Pages

Tuesday, September 24, 2019

Change is coming (hopefully)


The climate change crisis is no longer a vague threat in the distance future. Its effects are already causing massive upheavals globally with extreme weather events and climate-related disasters. As climate models have long predicted, our warming world is now experiencing much larger and stronger storms with significantly more rainfall in the Earth’s wetter areas and more sustained and severe drought and wildfires in the drier regions. In 2019, the hottest June on record triggered an unprecedented fire season in the Arctic, with over 100 intense fires. The summer of 2019 also saw 55 billion tons of water melt off Greenland’s ice sheet in just five days, a rate scientists hadn’t expected for 50 years.

In a speech to the United Nations Climate Action Summit climate activist Greta Thunberg said decades of inaction have left her generation without a future. 

"People are suffering. People are dying. Entire ecosytems are collapsing. We are at the beginning of a mass extinction and all you can talk about is money and fairytales of eternal economic growth."  She concluded her speech by saying, “We will not let you get away with this. Right here, right now is where we draw the line. The world is waking up. And change is coming, whether you like it or not."

In spite of increasingly urgent warnings from scientists about the impacts of fossil fuels as well as mounting calls from the public for world leaders to pursue bolder policies to drive down planet-warming emissions and combat the climate crisis the oil and gas industry continues to expand. Over the next five years, according to Stand.earth, the fossil fuel industry plans to spend $1.4 trillion to boost production around the world, which will result in an additional 92 gigatonnes of carbon pollution and further decrease the likelihood that the international community can meet the Paris agreement goal of limiting global temperature rise by 2100 to well below 2°C above pre-industrial levels.

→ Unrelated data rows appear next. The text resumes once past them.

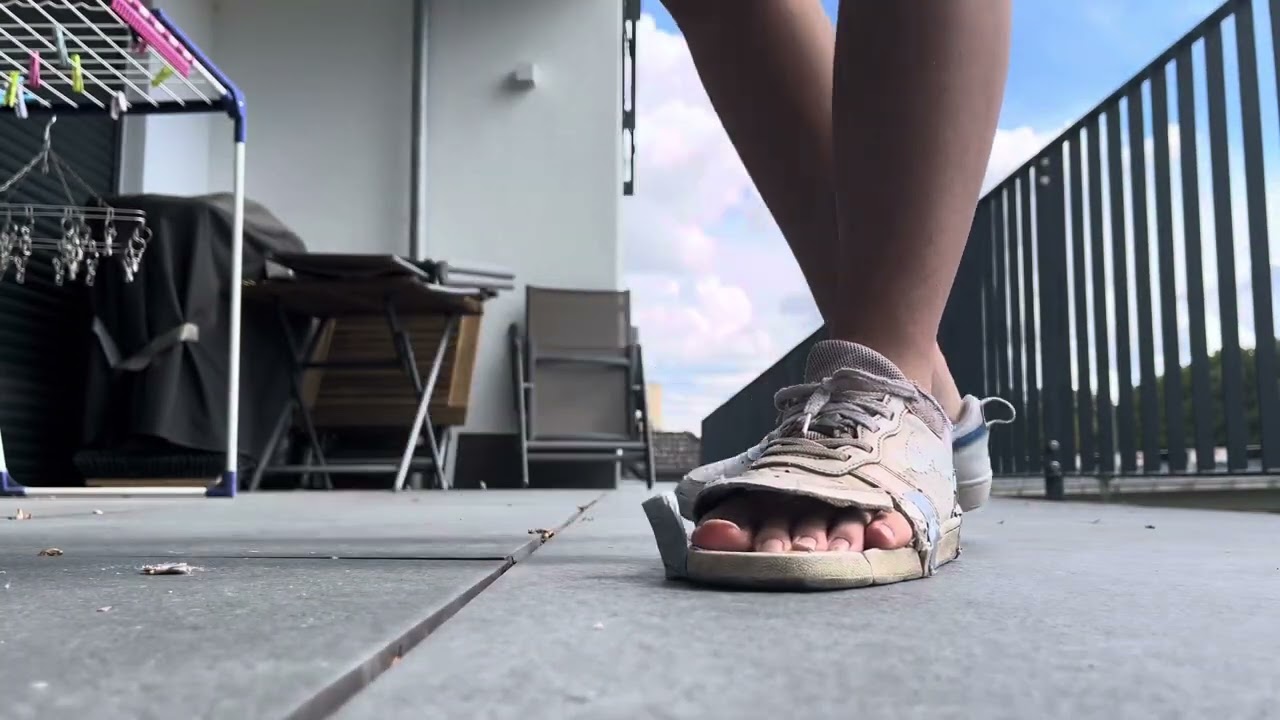 Trashed nike court borough low: No tape, barefoot toe wiggle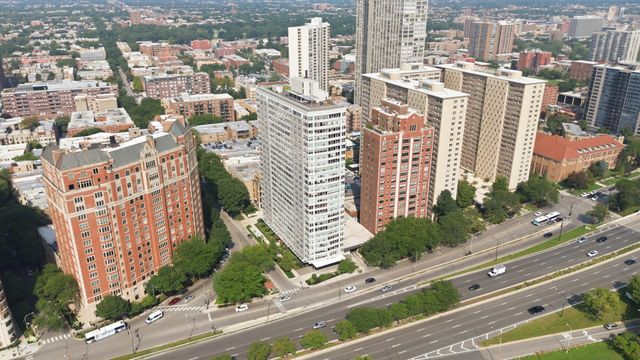 3900 N Lake Shore Drive 4B, Chicago, IL 60613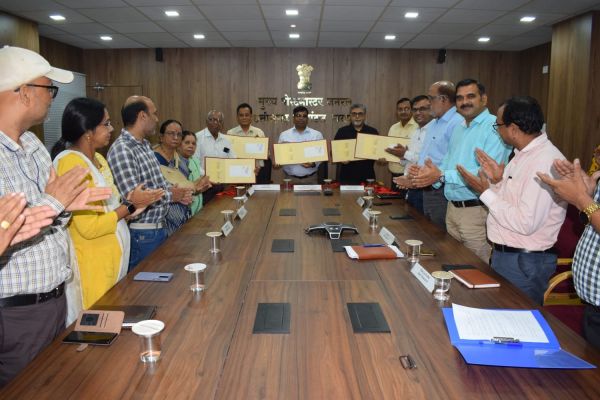 ओलंपिक में कोल्हापुर के स्पनिल ने जीता ब्रांज...  छत्तीसगढ़ डाक विभाग ने जारी किया स्पेशल कैंसेलेशन कैचेट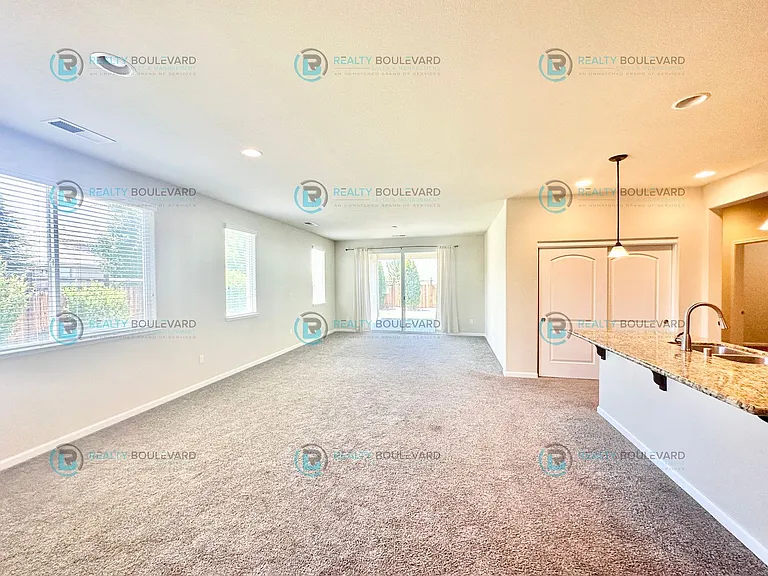 6809 Apus Dr — Photo 18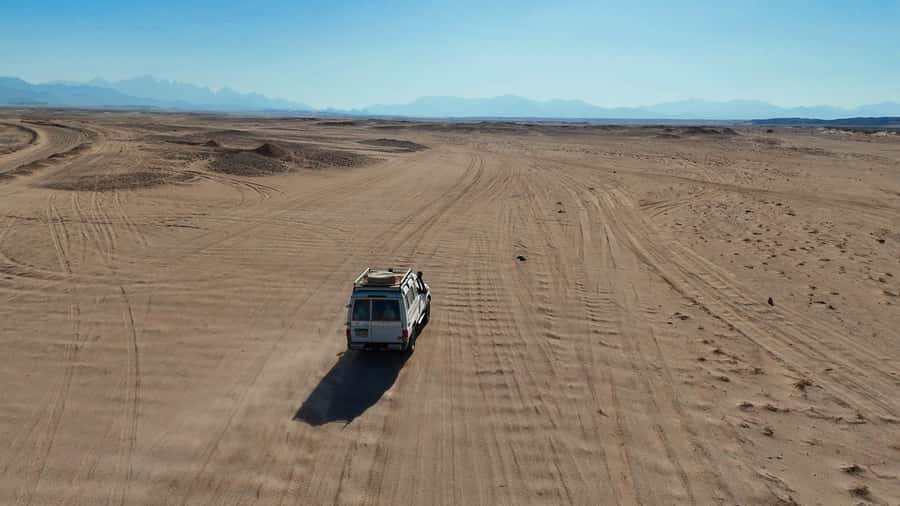 Hurghada: Star Stargazing Desert Adventure by Jeep & Dinner - From your Hurghada hotel to the desert track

"Everyone knows the world must dramatically reduce production and emissions of fossil fuels if we are going to have a safe climate. Yet everyone continues to argue that their oil and gas expansion fits within a global plan. The math doesn't work," Tzeporah Berman ofStand.earth said. "Expansion of oil and gas threatens us all and we need to stop pretending the solution is a technological fix and stop expansion by regulating production globally." 

Socialism is concerned with justice. Capitalism is concerned with law and order. They are not the same thing. Capitalism’s law and order is merely for the preservation of the economic needs of the system. Socialism's justice is based on the common ownership of wealth by the whole of humanity and the employment of such means to provide the basis of a full and happy life for all. Capitalism is the ownership of all the resources of nature by a minority class, the capitalists. That ownership does not only extend over the land, the seas and the air but, also over such means for producing and distributing wealth as have been devised by the hand and brain of labour. 

Capitalism focuses on the short term and is unlikely to take the longer term approach, and hence the environment, into account. Capitalists and corporations will seek to distort the facts of the matter so they can carry on as usual. Capitalists are ideologically blinkered against climate change mitigation since it exposes the danger of capitalism as itself an environmental threat. We cannot expect the problems to be solved within capitalism; all the powers tilt the opposite way. The proposals of all the environmentalist groups, who seek to change things without completely ending the capitalist system are a sham.